Can the lines below, from the one that holds "Kylian Mbappe Lyon" to the very end, be echoed exactly, with both ends included and no pictures?

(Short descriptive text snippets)
========================================================================

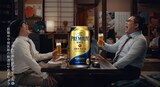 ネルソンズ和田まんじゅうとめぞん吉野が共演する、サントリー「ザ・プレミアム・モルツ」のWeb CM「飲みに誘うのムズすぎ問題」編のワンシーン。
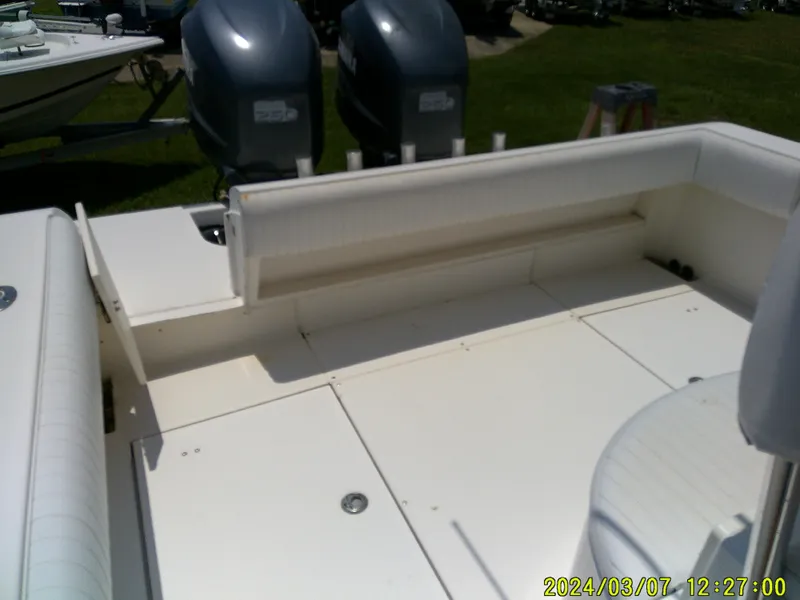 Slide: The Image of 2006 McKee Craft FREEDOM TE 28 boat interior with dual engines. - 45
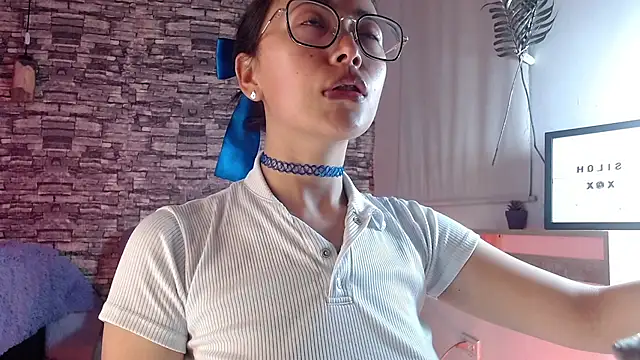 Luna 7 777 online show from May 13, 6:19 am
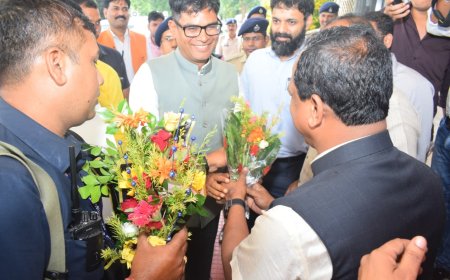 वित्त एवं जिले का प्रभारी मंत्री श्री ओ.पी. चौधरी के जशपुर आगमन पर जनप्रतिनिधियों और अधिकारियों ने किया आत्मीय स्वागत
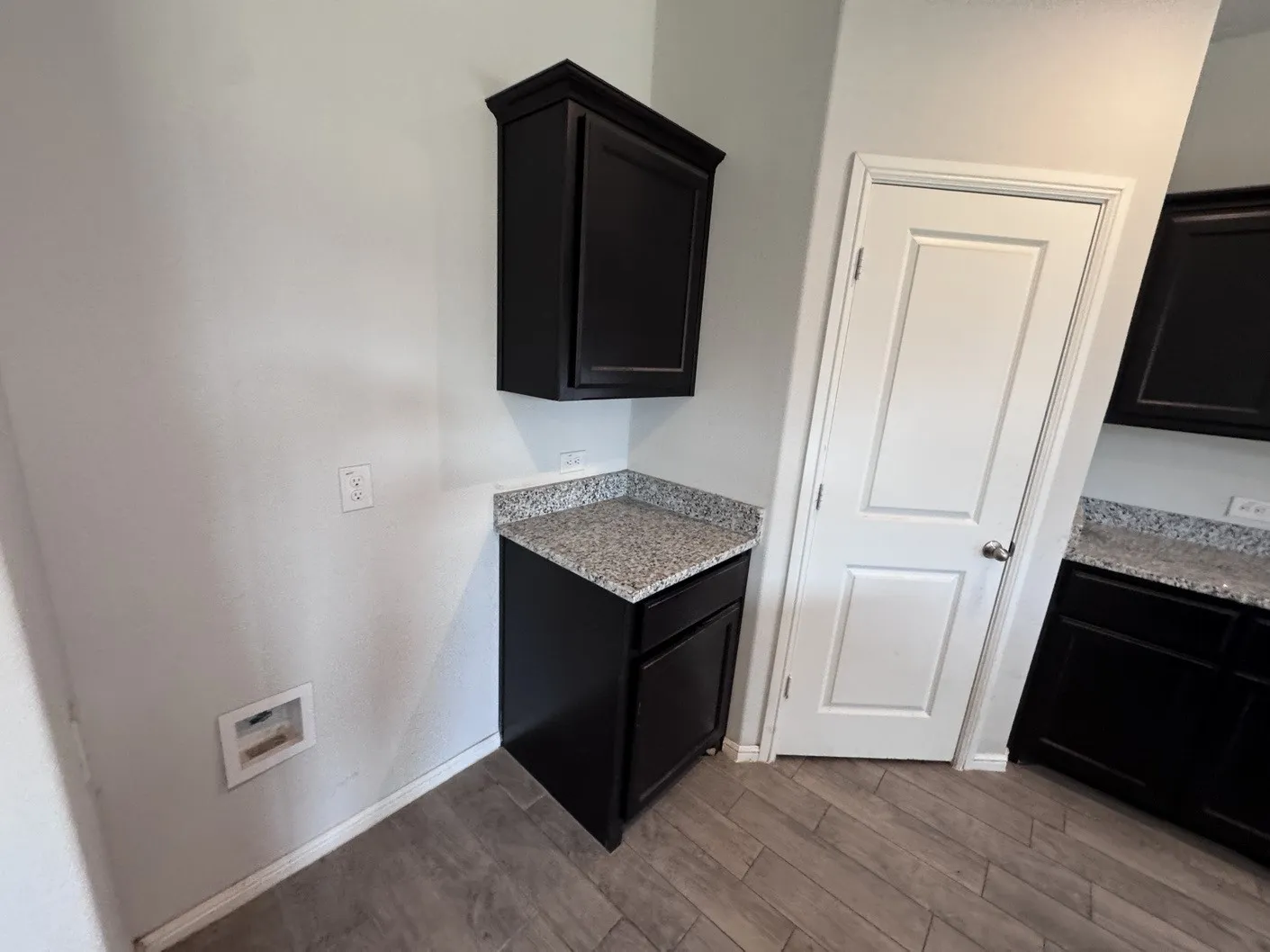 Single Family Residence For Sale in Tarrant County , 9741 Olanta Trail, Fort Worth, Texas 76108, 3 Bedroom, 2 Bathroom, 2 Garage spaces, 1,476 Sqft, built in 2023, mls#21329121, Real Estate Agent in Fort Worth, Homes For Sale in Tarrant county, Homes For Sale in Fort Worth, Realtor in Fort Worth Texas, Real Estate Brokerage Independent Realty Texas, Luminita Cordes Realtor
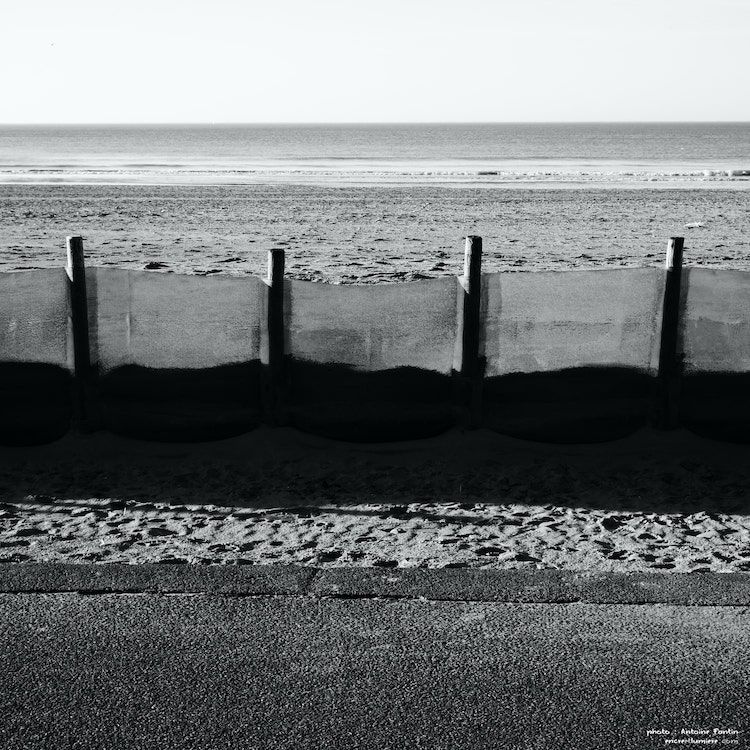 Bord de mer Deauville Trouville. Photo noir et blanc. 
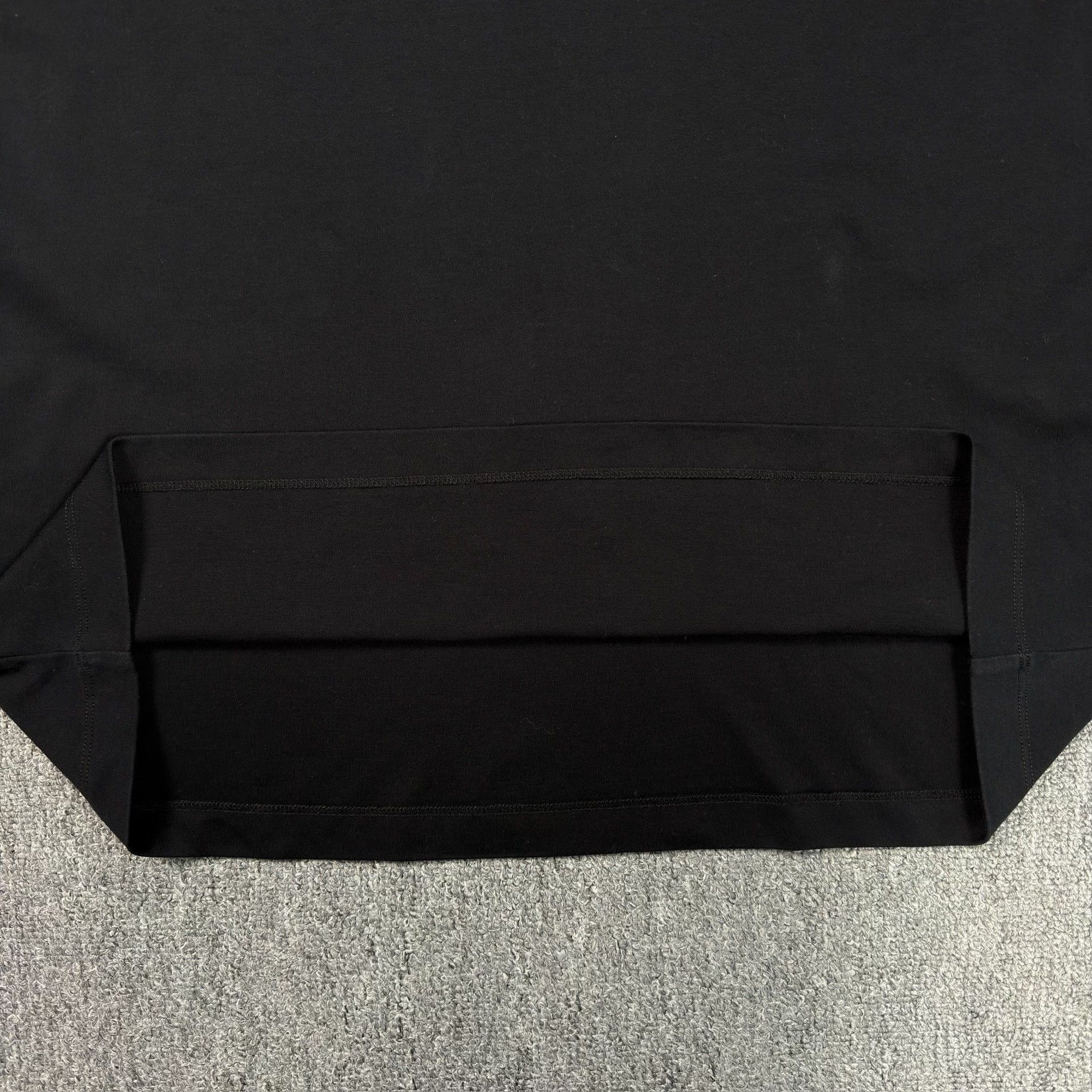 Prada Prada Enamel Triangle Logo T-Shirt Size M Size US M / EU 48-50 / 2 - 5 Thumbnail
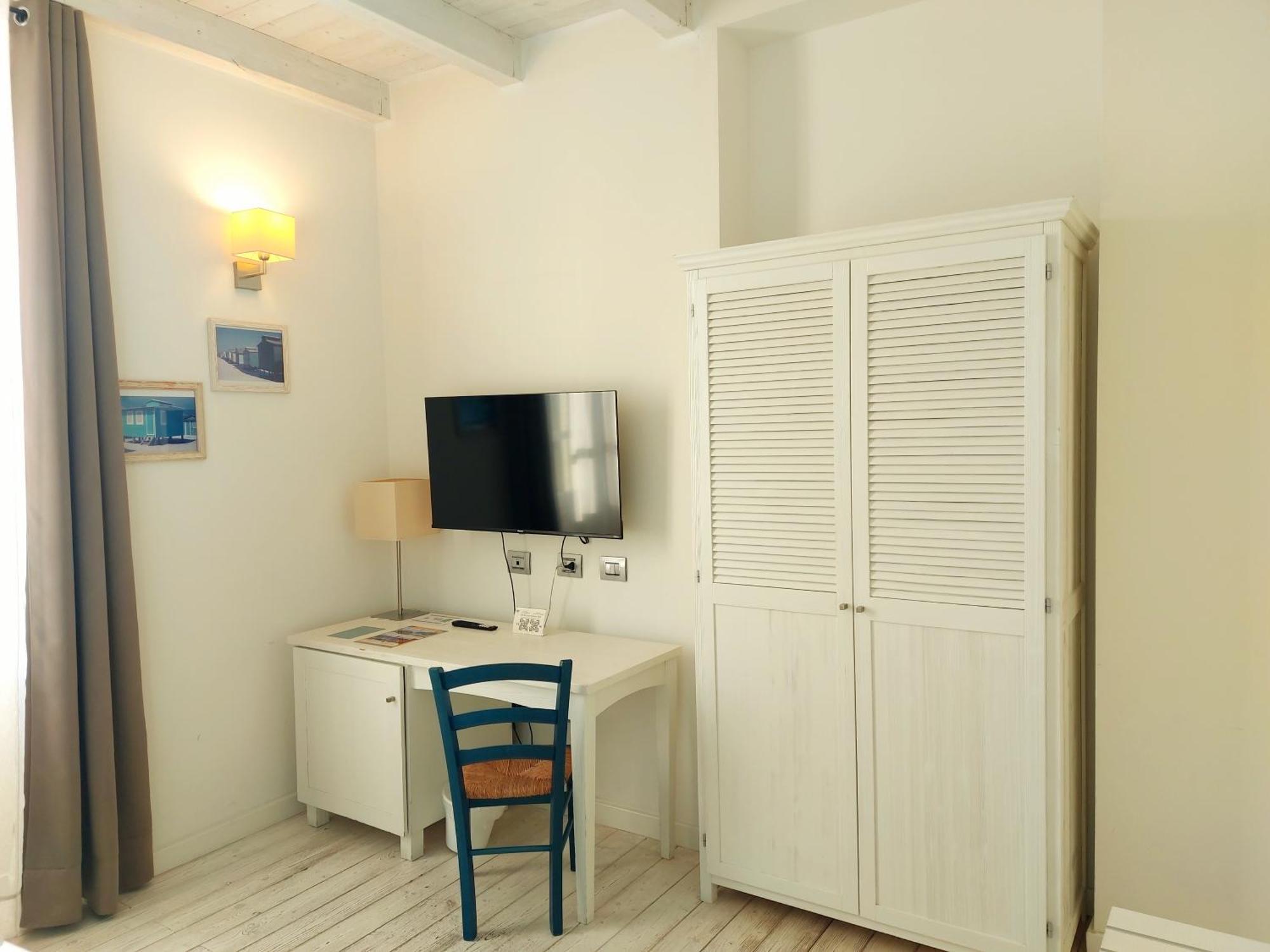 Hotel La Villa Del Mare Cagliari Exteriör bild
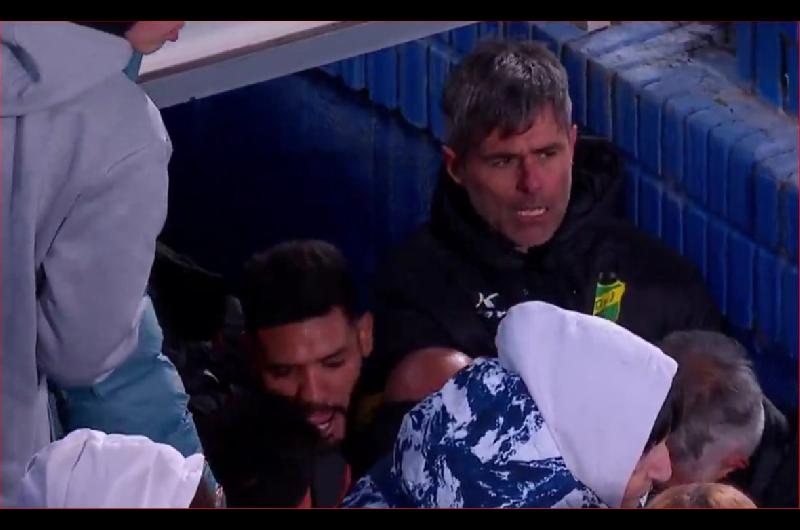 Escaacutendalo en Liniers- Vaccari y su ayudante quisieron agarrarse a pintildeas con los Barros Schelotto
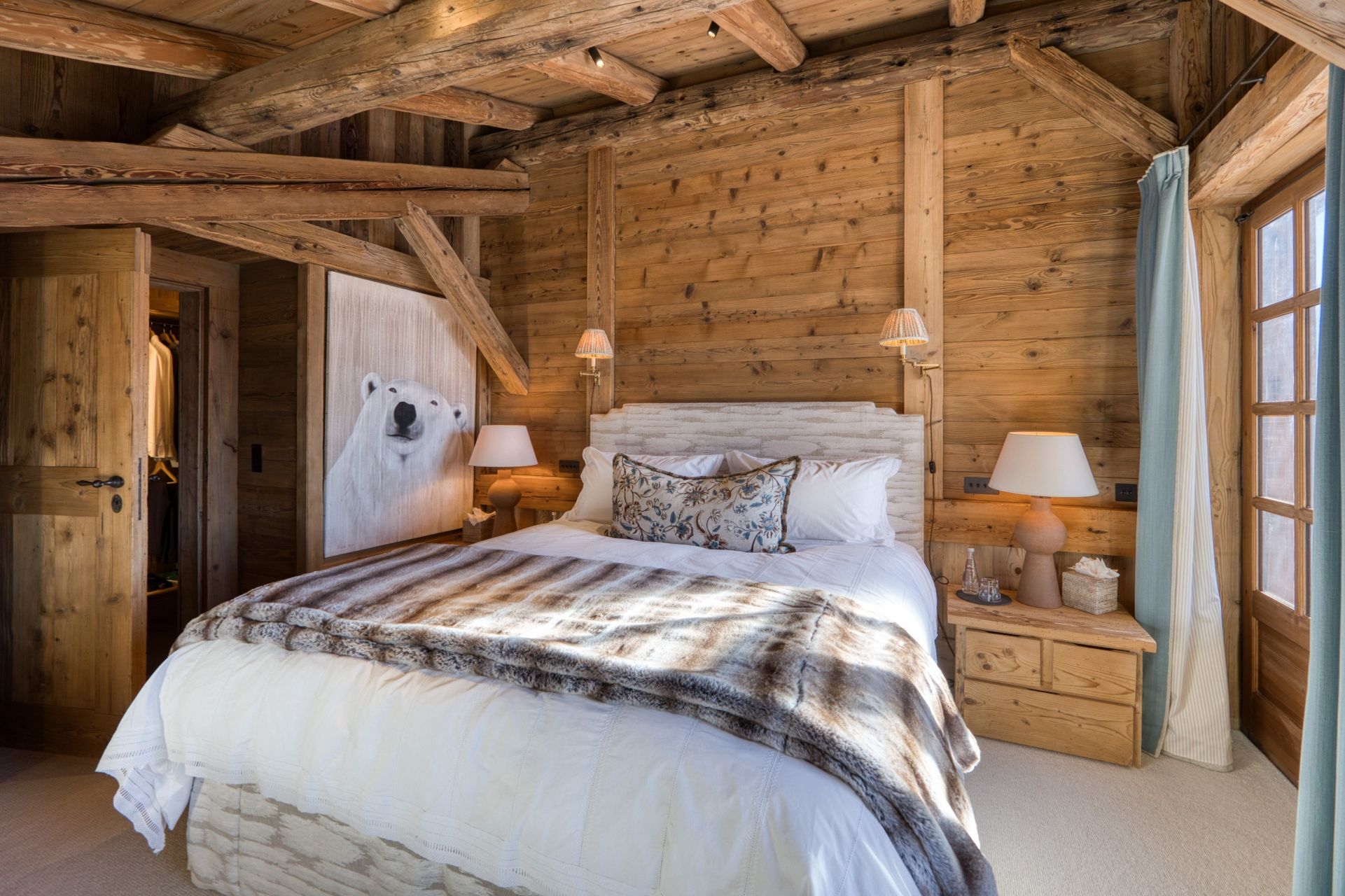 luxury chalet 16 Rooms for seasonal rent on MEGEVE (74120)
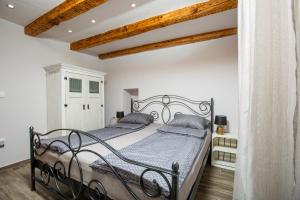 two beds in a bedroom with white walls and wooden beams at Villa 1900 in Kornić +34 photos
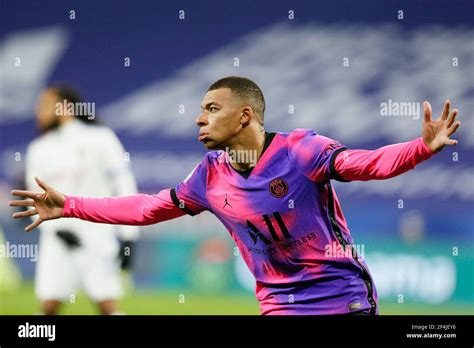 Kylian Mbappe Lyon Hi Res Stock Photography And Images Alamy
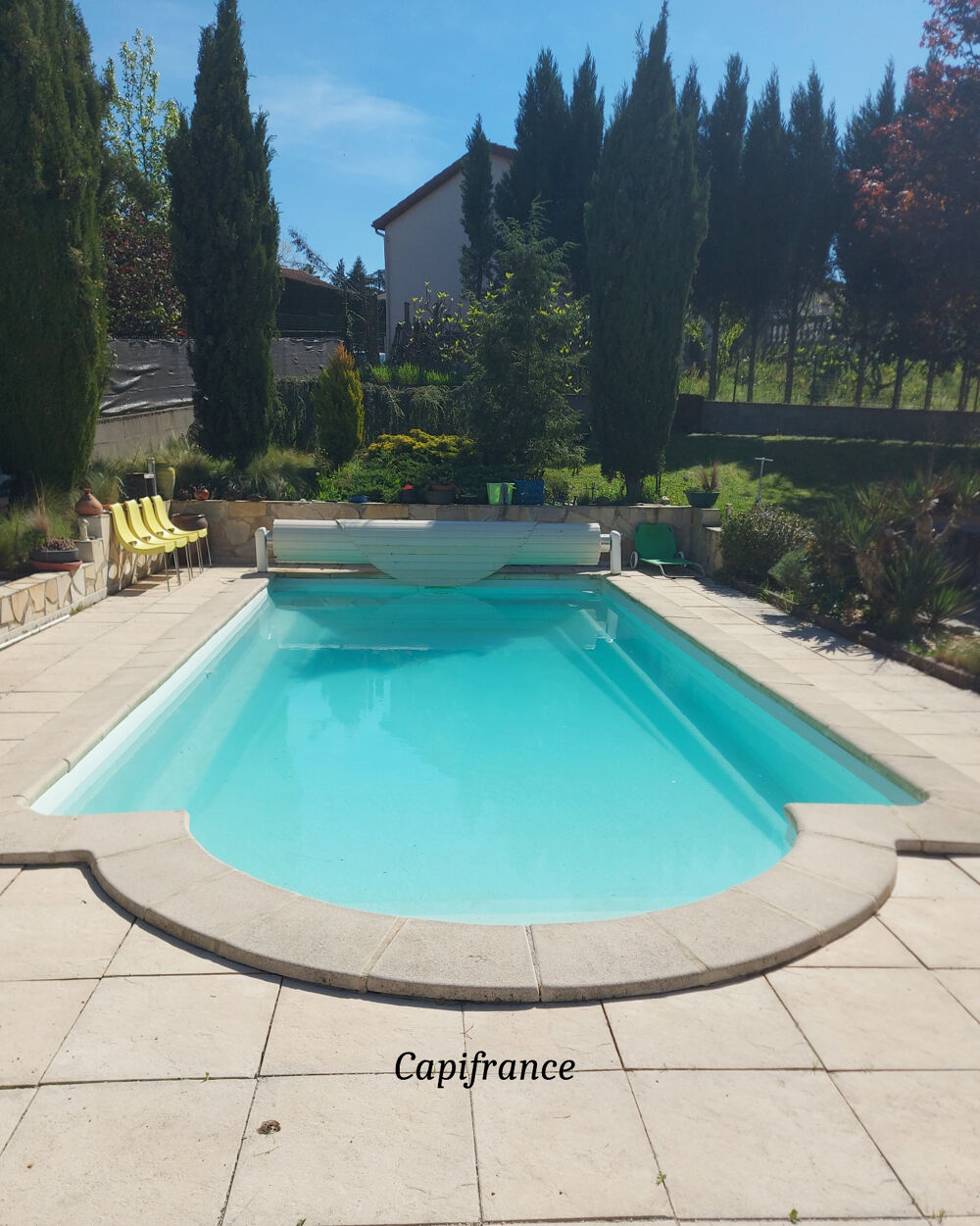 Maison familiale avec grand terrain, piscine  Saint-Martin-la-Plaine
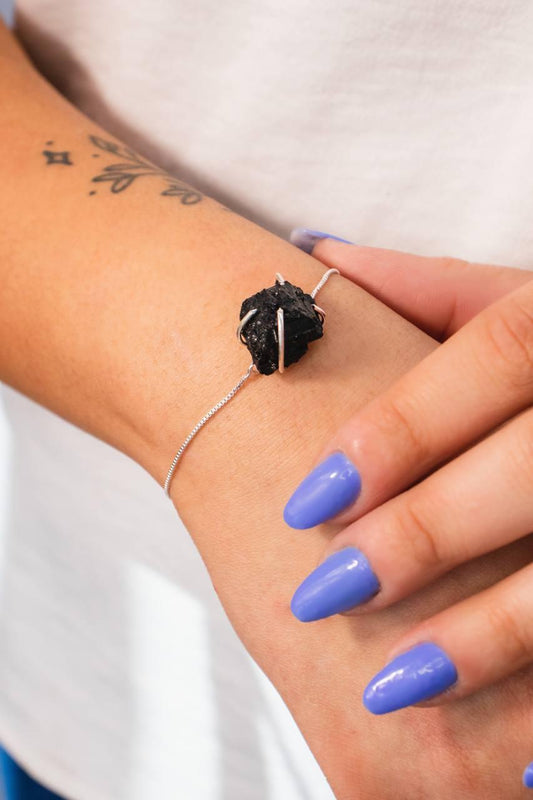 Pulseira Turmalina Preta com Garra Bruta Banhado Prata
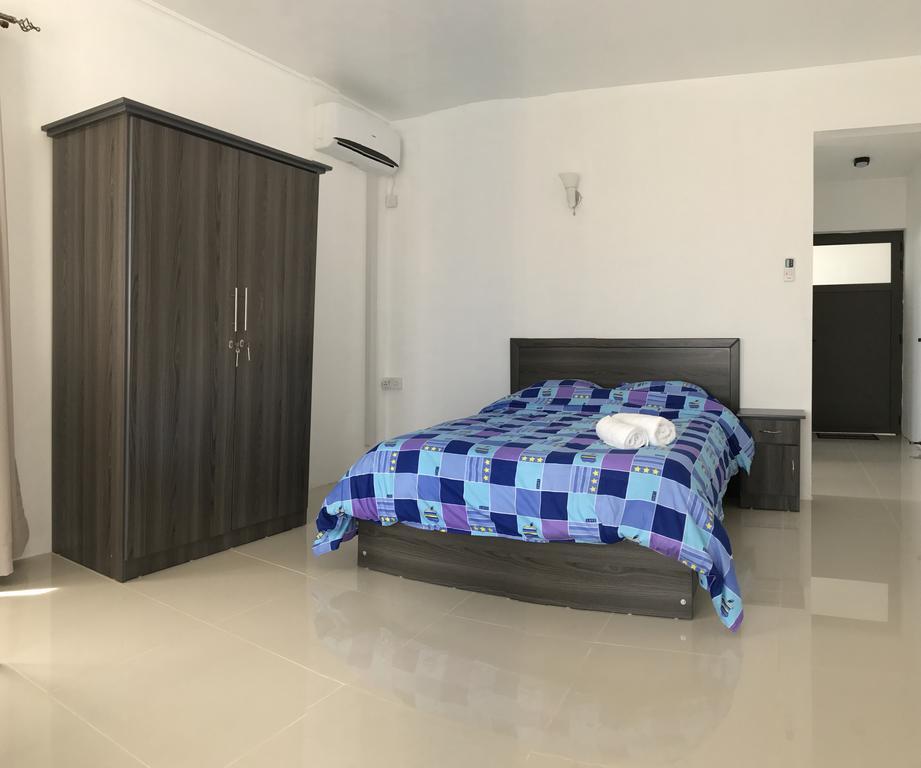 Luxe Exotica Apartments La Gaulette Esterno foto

========================================================================

_TASK RESULT_
 Kylian Mbappe Lyon Hi Res Stock Photography And Images Alamy
 Maison familiale avec grand terrain, piscine  Saint-Martin-la-Plaine
 Pulseira Turmalina Preta com Garra Bruta Banhado Prata
 Luxe Exotica Apartments La Gaulette Esterno foto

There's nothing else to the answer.